Alain Dame may very well be the Ransom Center’s biggest fan.
The letter carrier from Quebec, Canada, visits the Center about twice a year and spends days (yes, days) in the galleries exploring the exhibitions. In a scenario that exhibition curators can usually only dream about, he takes the time to read every label and studies each item in the exhibition.
Dame first visited the Ransom Center in 1999. At that time, the Center had no gallery space of its own and often mounted small exhibitions in what was essentially a hallway on the fourth floor of the Flawn Academic Center. Dame’s first visit was for an exhibition on Oscar Wilde, and he remembers seeing another exhibition on photographer Eliot Elisofon.
But when the Center completed a renovation and added a gallery space in 2003, it was able to mount in-depth shows drawn from its collections. One of the first exhibitions in the new galleries was Make It New: The Rise of Modernism, and it made quite an impression on Dame: “It was so good,” he said. “It’s my favorite of all time.”
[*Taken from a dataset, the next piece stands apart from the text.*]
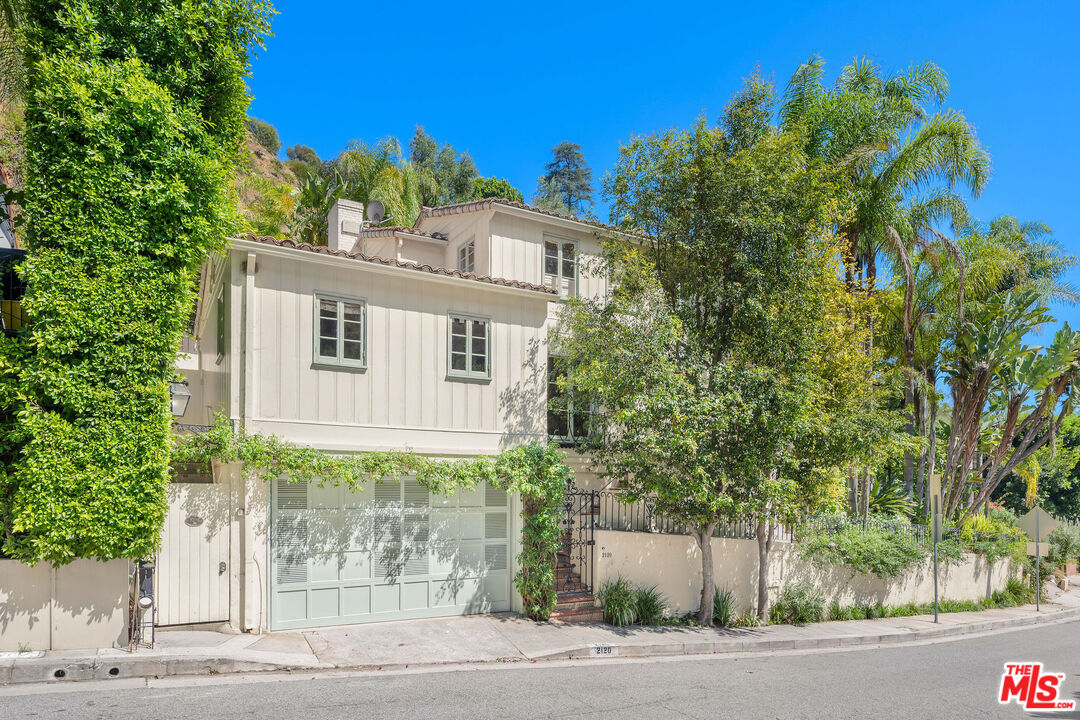 Property photo 8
An item from the Arthur Conan Doyle collection caught his eye in the Make it New exhibition because he found it so moving.
“He [Doyle] was into a lot of esoteric things because of his son’s death in the war. He drew the night, and he was so angry that his son died that he was making holes, piercing the paper with his pen. That was a touching one.”
While Dame has an interest in modernism and James Joyce—one he shares with Ransom Center Director and Joyce scholar Thomas F. Staley—his interests range far and wide. He remembers a letter from J. D. Salinger in which the famously reclusive writer thanks a female correspondent for recommending Ovaltine because it helped him sleep.
“I love arts in general,” he said.”I’m crazy about arts.”
And that love is apparent when speaking with him on the topic of the humanities. He speaks knowledgably and eloquently about writers and artists from Joyce, Salinger, and Doyle to Igor Stravinsky, Don DeLillo, and David Foster Wallace.
Dame was here again last week to view Banned, Burned, Seized, and Censored and The Greenwich Village Bookshop Door: A Portal to Bohemia, 1920-1925.
Some of his other favorite exhibitions have included On the Road with the Beats from spring 2008 and The Persian Sensation: “The Rubáiyát of Omar Khayyám” in the West from spring 2009.